Letter to the editor: On waving Confederate flags on campus

Park visitors carry the battle flag of the Confederate Northern Virginia army through the Portland State Park Blocks. The flag has been removed from many Southern institutions in the wake of the racially motivated June 17 murder of nine churchgoers in the Emanuel African Methodist Episcopal Church in Charlestone, SC. Courtesy of Anna Wolfston

I am a PSU student and as I was walking to class on July 6, I saw three older people walking through campus and down the Portland Park Blocks waving Confederate flags.

I understand the importance of freedom of expression, but as a PSU student and Portland resident, I felt threatened, uncomfortable and unwanted.

In light of the recent Charleston massacre and the history of racism, slavery and oppression in the United States, the Confederate flag is viewed, even in South Carolina where the massacre took place, as a symbol of hate, repression and bigotry.

Should this symbol be waved in any city or on any campus that seeks to be welcoming and diverse? I believe symbolism should be limited when it becomes threatening.

Here is a picture I took of the three people as they passed over Southwest Clay Street, away from campus and into the Park Blocks.

Anna Wolfston


  1. I, for one, support the freedom to fly a battle flag as I see fit. That’s why we live in the USA, because we have the freedom to do so, at least for the time being. This flag means many different things to many people. I see no hate in the flag whatsoever… But, because we live in a time where emotions trump logic, we get too many people that get their “feeling hurt” and then there goes more of our liberties and freedoms. What I don’t understand is that in a city that is suppose to be progressive, tolerant and loving, there is actually more intolerance and hate coming from the same people who preach tolerance and love. Hypocrite much? Hang out with these freedom loving people that carry this flag and you’ll see the intolerant, hateful people that make up much of this loving/caring city, especially PSU.

  2. I just wanted to point out what everybody seems to be missing. The Dixie (not confederate) flag is a symbol, and as a symbol, it has a changable and collectively negotiated meaning.
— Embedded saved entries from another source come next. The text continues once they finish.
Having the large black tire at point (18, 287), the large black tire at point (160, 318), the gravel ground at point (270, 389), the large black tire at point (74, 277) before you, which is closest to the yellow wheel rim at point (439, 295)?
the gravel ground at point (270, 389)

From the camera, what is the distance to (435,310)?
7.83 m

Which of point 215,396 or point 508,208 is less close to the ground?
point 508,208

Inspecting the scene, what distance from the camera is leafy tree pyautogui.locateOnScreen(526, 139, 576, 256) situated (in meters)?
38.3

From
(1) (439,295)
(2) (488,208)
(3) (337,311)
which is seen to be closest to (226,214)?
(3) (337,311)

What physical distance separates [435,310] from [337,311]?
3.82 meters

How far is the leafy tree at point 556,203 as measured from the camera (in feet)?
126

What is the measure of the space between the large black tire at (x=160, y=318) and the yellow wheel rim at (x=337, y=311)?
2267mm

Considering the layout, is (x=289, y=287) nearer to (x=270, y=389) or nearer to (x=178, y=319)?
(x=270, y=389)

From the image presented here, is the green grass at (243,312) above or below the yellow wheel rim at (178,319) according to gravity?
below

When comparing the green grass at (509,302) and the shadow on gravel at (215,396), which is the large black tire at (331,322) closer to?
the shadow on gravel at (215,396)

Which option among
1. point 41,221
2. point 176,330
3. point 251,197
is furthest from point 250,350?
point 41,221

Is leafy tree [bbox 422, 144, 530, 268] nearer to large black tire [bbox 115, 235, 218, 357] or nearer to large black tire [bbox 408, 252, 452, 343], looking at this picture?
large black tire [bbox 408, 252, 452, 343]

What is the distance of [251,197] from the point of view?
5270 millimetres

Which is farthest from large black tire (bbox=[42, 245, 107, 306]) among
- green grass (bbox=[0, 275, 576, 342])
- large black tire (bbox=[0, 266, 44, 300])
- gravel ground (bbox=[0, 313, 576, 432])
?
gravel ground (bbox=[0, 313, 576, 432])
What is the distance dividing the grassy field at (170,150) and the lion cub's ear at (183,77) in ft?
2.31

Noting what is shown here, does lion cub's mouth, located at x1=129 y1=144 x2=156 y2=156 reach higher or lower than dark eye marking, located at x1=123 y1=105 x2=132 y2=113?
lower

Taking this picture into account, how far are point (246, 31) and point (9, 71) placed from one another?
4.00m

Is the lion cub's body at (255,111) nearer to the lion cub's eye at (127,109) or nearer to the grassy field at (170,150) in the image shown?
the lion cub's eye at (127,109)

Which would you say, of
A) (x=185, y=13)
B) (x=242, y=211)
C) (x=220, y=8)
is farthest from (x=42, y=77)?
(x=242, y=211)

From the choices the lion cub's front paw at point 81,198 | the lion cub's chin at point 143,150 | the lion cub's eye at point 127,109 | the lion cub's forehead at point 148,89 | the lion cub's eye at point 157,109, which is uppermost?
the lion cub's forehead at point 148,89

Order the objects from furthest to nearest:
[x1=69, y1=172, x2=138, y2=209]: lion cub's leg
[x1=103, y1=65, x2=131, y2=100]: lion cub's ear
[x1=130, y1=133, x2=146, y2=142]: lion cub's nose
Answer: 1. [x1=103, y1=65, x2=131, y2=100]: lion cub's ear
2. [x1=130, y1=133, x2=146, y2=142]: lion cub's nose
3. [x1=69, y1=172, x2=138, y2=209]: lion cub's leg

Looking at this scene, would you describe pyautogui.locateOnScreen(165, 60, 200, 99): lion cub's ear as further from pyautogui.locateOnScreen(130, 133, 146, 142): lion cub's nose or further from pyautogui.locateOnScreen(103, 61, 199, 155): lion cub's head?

I know that the flag had racist origins, but by the time I grew up in the South, it’s meaning had shifted (at least among my social circles) to signify pride in the region and opposition to the misconceptions of people from outside of the South. Yes, to some people, that flag signifies hatred and violence toward blacks, but don’t believe that that is the sole, uncontested meaning just because national news chains claim it is so.

  3. Well said Nathaniel. He who has the most money and power also controls the media. In this case, those who control the media (and large corporations) have chosen to use their clout to buy the minds of the American public. In other words, the one-percenters have purchased “public opinion” on this matter. The “offense” that people feel here is not a natural reaction, but a manufactured one, created by the one-percenters.

    Many more atrocities have been committed under the stars and stripes (including several genocides), yet it’s considered perfectly okay to fly that flag.

    To me, the Battle Flag stands for freedom of speech, freedom of association and freedom from powerful interest groups.

  4. You’re allowed to fly what flag you like, but you lack some sort of human decency if you think your “heritage” of oppression and hatred is more important than how millions of people feel when they see it.
    I’ve seen my fear in my friends’ eyes when their neighbor waved the flag. I’ve seen the flag and been disturbed because, at the end of the day, it represents hatred, oppression, bigotry, and fear-mongering.
    I mean, do what you like, but if you’re going to go around waving a symbol many people associate with hatred, don’t get mad at them for disliking you.

  5. Let’s call this for what it is: a blatant in your face middle finger because Rush Limbaugh told them liberals are taking their “God” given rights away by forcing the removal of the confederate flag in SC. Kick them out of Park Blocks for disturbing the peace.

  6. The confederate battle flag is nothing but a sad emblem of wrong-headed people who killed their fellow country-men, and foolishly gave their lives for the cause of injustice. They fought for the right to own people and enslave them. Anyone who waves the confederate battle flag today and pretends that it isn’t anything other than a disgusting racist symbol is lying to everyone, themselves especially.

    People walking through the Park blocks waving this flag are no better that the hate-filled followers of the Westboro Baptist Church.

    The confederate battle flag is the closest thing the U.S. has to a swastika.

  7. Ok, let’s definitely call it what it is, a bunch of liberal pansies that worry more about their feelings than the direction that this country is going. Just keep your face down and distracted by your idevice while the USA goes down the sewer. Nice work people!

  8. I will always see the flag as a symbol of treason against the state, but that doesn’t mean I support blocking or preventing the flag from being waved or displayed. The flag shouldn’t make anyone feel threatened, and if it did, you’d give American Muslims and those from Syrian migrants purview that American flags and soldiers are a threat to bomb them. They’re not going to hurt you, if they were you wouldn’t see them coming nine times out of ten. IF you dislike it, express yourself to the ones holding the flag. That is how this country works.